[Start of Attachment]

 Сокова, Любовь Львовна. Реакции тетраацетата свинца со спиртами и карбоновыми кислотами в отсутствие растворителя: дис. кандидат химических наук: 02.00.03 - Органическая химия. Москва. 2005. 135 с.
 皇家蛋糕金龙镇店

[End of Attachment]
[Start of Attachment]

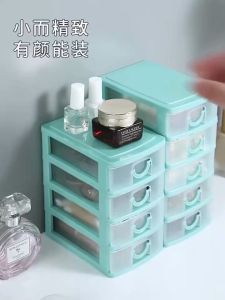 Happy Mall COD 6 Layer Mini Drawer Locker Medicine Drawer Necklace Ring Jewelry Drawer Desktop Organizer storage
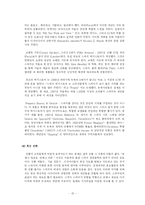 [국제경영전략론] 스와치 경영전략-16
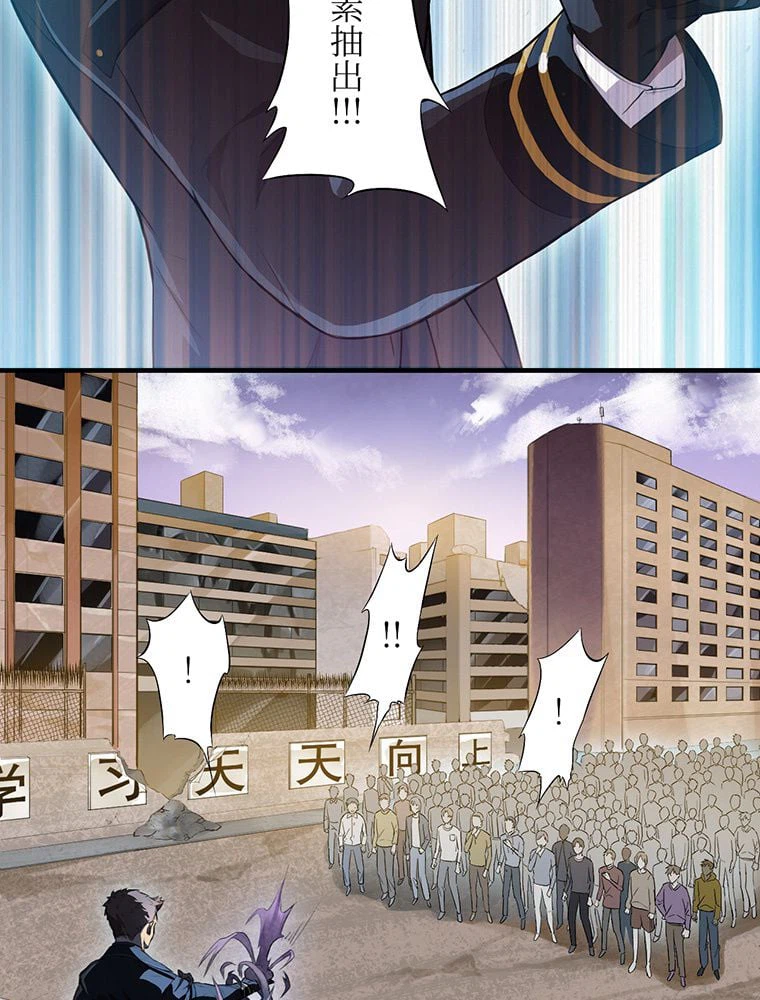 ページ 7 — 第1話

[End of Attachment]
[Start of Attachment]

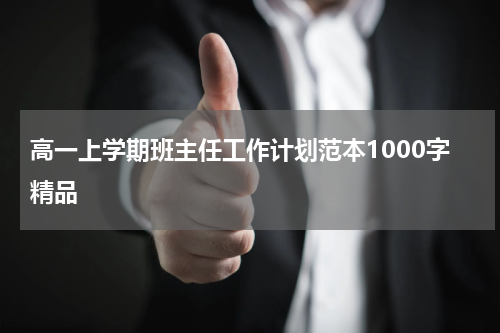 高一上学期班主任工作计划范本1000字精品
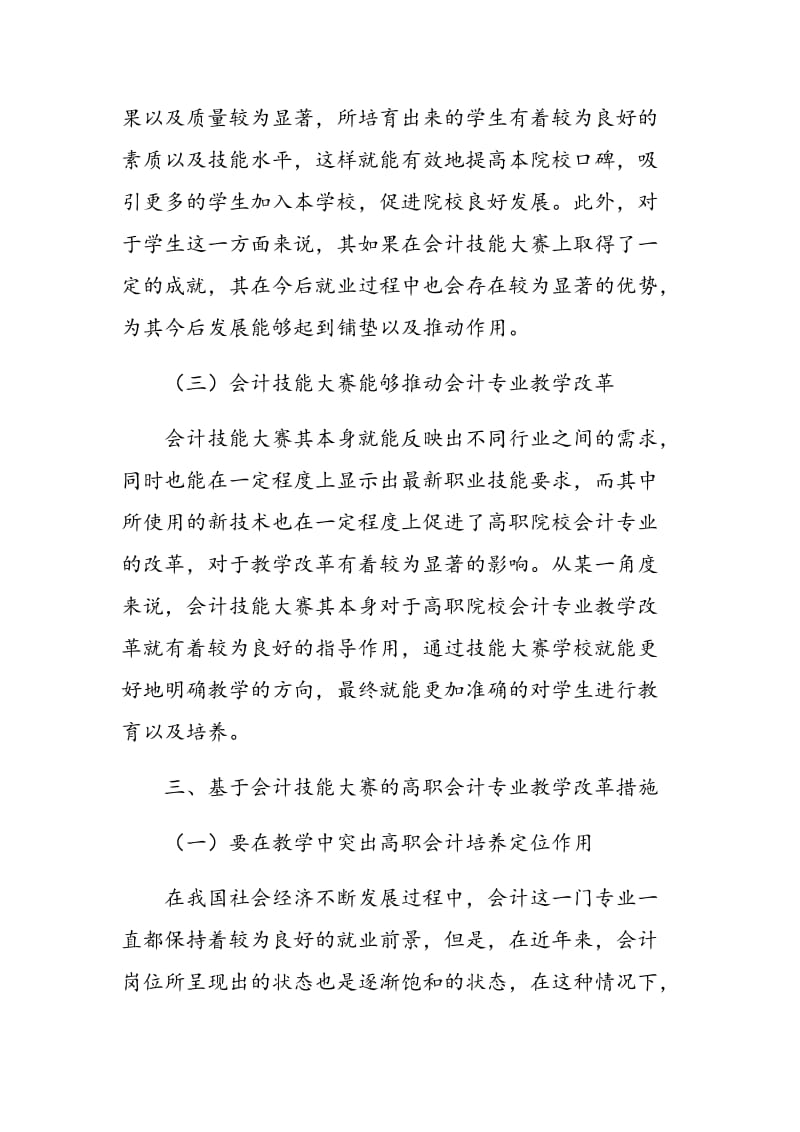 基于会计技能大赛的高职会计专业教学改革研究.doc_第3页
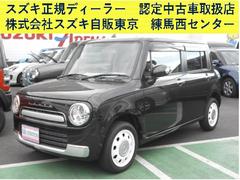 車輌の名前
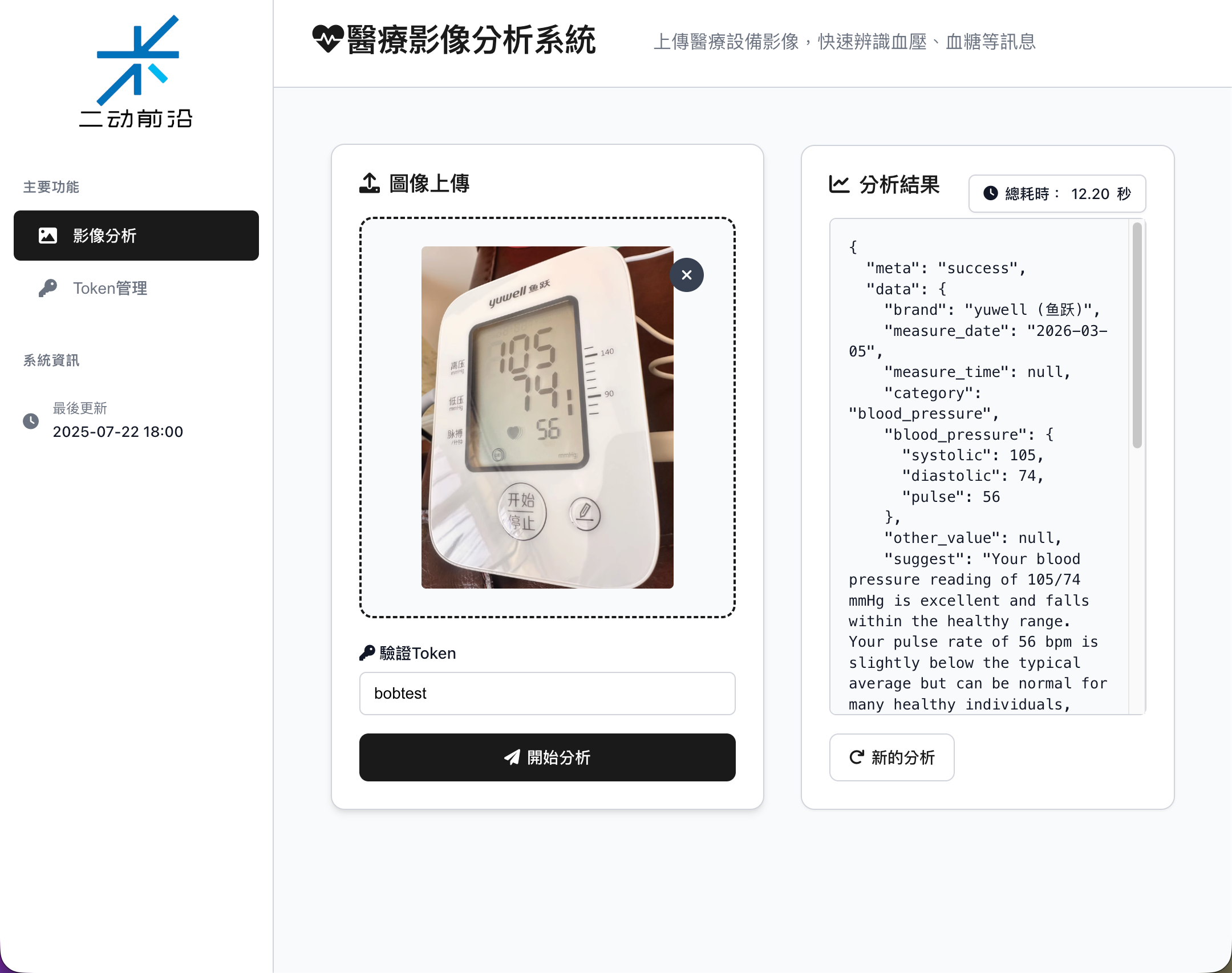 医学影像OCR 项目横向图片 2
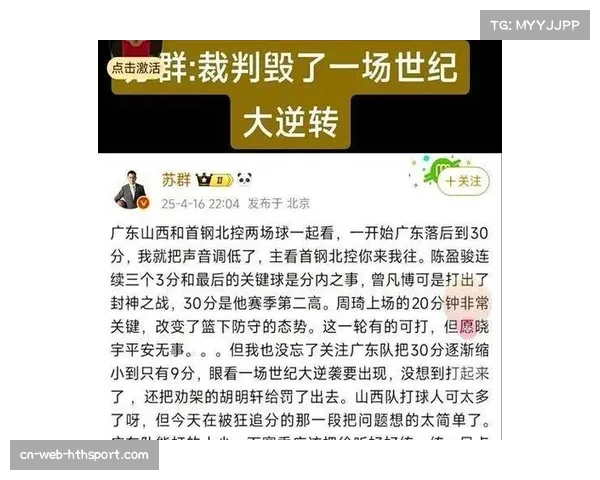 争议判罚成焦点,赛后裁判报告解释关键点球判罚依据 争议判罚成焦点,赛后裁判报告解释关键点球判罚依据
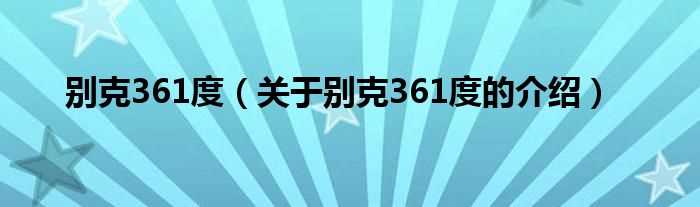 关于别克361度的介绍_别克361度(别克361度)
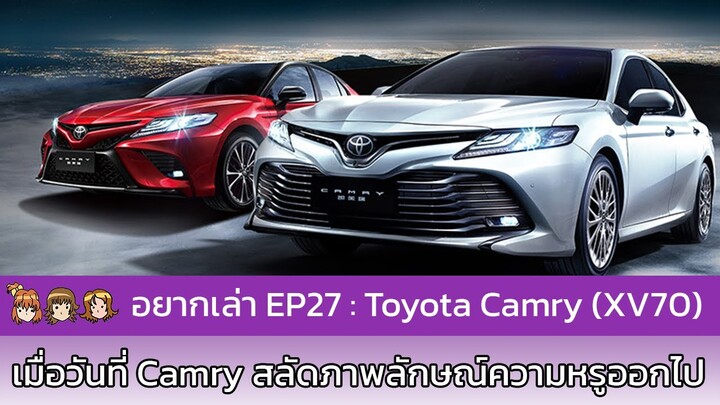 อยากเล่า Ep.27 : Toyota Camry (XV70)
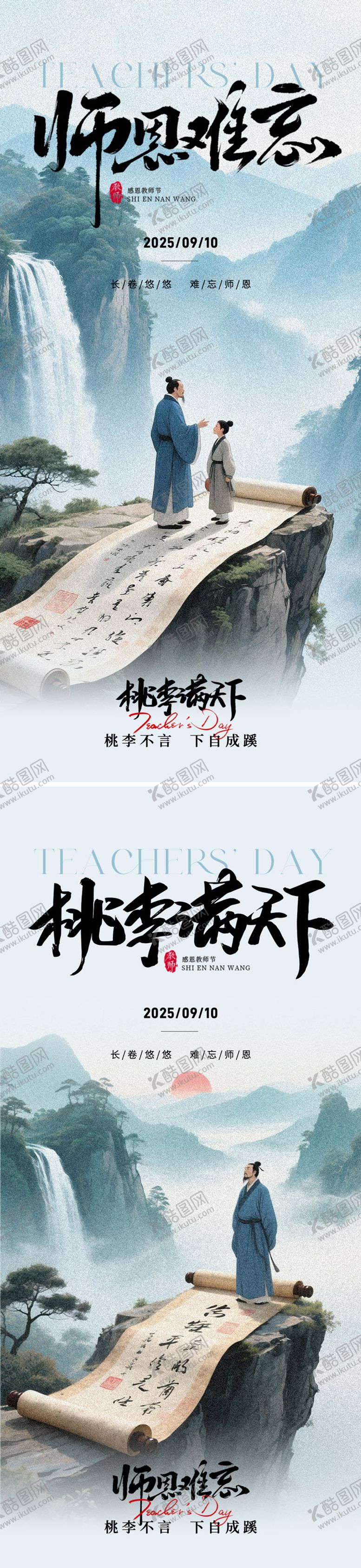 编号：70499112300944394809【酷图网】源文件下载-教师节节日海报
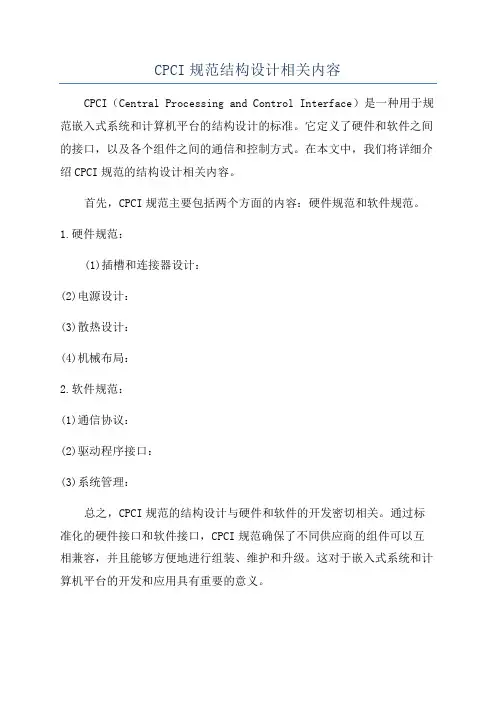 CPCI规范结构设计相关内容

[End of Attachment]

**Task details:** Only the lines above starting with the line with "关于别克361度的介绍_别克361度(别克361度)" and going on through the line with "CPCI规范结构设计相关内容" belong in the answer; repeat them exactly, minus any picture.

**Written reply:**
 关于别克361度的介绍_别克361度(别克361度)
 อยากเล่า Ep.27 : Toyota Camry (XV70)
 编号：70499112300944394809【酷图网】源文件下载-教师节节日海报
 CPCI规范结构设计相关内容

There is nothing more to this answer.